(Task requirements): The goal is an unaltered copy of the records below, minus any images.

(Stored items)
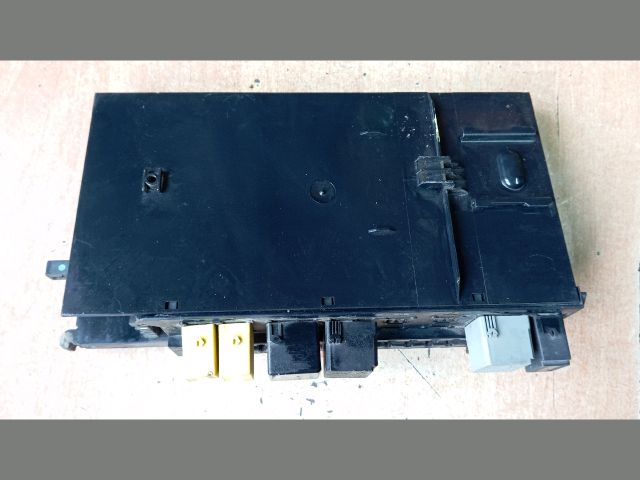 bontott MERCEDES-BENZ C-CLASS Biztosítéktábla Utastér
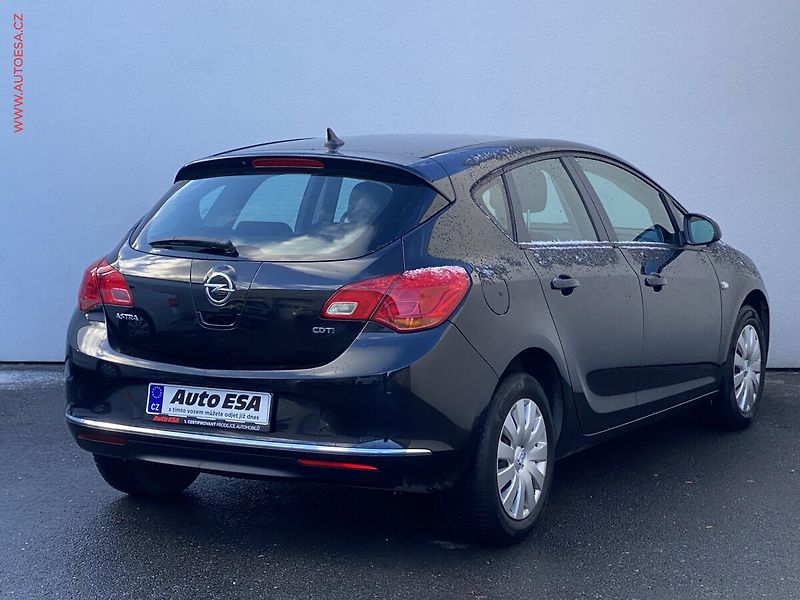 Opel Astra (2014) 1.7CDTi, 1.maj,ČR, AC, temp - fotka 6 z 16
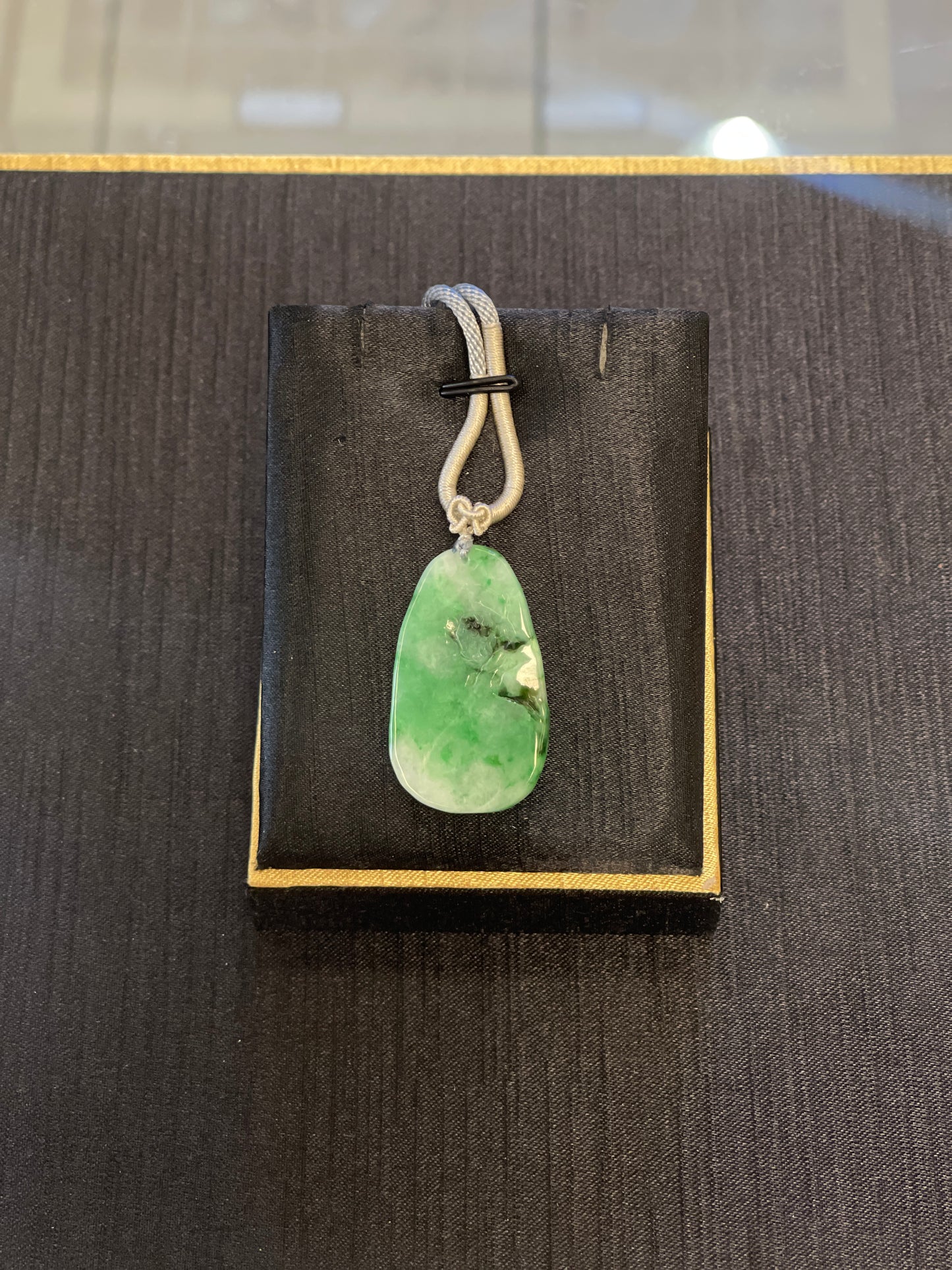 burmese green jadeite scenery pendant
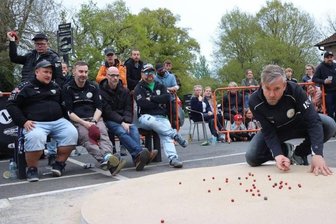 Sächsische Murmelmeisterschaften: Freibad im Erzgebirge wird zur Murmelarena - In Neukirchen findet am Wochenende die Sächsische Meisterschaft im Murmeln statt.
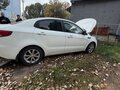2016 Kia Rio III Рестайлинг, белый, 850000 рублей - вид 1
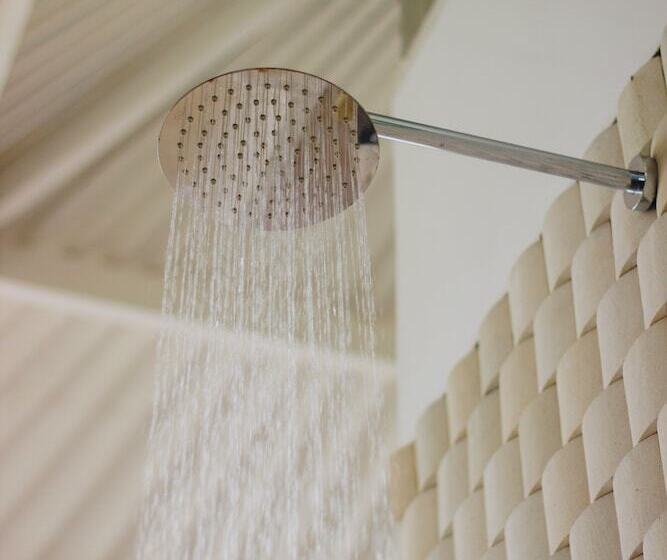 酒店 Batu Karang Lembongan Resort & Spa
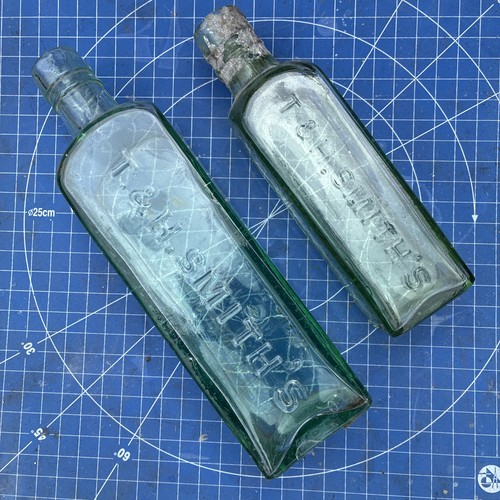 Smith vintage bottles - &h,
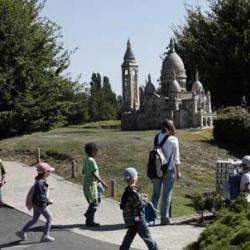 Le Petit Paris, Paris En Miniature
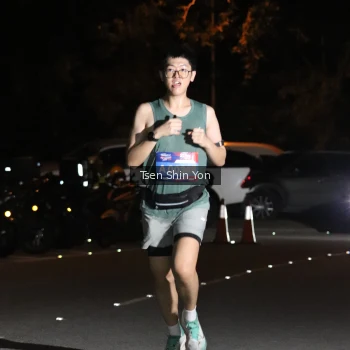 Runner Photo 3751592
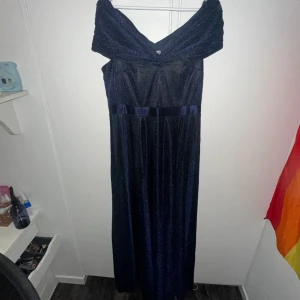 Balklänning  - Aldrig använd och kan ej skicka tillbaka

(Result for this task):
 bontott MERCEDES-BENZ C-CLASS Biztosítéktábla Utastér
 Opel Astra (2014) 1.7CDTi, 1.maj,ČR, AC, temp - fotka 6 z 16
 burmese green jadeite scenery pendant
 Sächsische Murmelmeisterschaften: Freibad im Erzgebirge wird zur Murmelarena - In Neukirchen findet am Wochenende die Sächsische Meisterschaft im Murmeln statt.
2016 Kia Rio III Рестайлинг, белый, 850000 рублей - вид 1
 酒店 Batu Karang Lembongan Resort & Spa
 Smith vintage bottles - &h,
 Le Petit Paris, Paris En Miniature
 Runner Photo 3751592
 Balklänning  - Aldrig använd och kan ej skicka tillbaka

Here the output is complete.